→ Aim of the task:
From the line containing "Confident cafe owner" onward, retype each line of the entries below exactly, last line included.

Data for review: Begin

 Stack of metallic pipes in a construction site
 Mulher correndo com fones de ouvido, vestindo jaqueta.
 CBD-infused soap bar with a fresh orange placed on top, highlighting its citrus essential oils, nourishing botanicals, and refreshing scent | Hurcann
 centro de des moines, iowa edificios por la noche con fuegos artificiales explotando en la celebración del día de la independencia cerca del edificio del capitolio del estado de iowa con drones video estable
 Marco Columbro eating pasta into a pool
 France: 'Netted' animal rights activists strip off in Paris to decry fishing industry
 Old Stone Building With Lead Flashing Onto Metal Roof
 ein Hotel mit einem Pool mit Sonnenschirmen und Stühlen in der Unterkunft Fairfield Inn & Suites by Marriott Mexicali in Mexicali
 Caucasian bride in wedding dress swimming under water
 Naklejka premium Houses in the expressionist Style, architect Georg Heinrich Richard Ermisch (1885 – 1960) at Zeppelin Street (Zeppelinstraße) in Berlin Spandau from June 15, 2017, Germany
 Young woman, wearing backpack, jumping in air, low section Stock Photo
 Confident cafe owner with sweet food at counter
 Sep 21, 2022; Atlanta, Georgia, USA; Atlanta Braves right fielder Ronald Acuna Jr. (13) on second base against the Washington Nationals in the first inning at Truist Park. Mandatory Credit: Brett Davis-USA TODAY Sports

Data for review: End

→ Task answer:
 Confident cafe owner with sweet food at counter
 Sep 21, 2022; Atlanta, Georgia, USA; Atlanta Braves right fielder Ronald Acuna Jr. (13) on second base against the Washington Nationals in the first inning at Truist Park. Mandatory Credit: Brett Davis-USA TODAY Sports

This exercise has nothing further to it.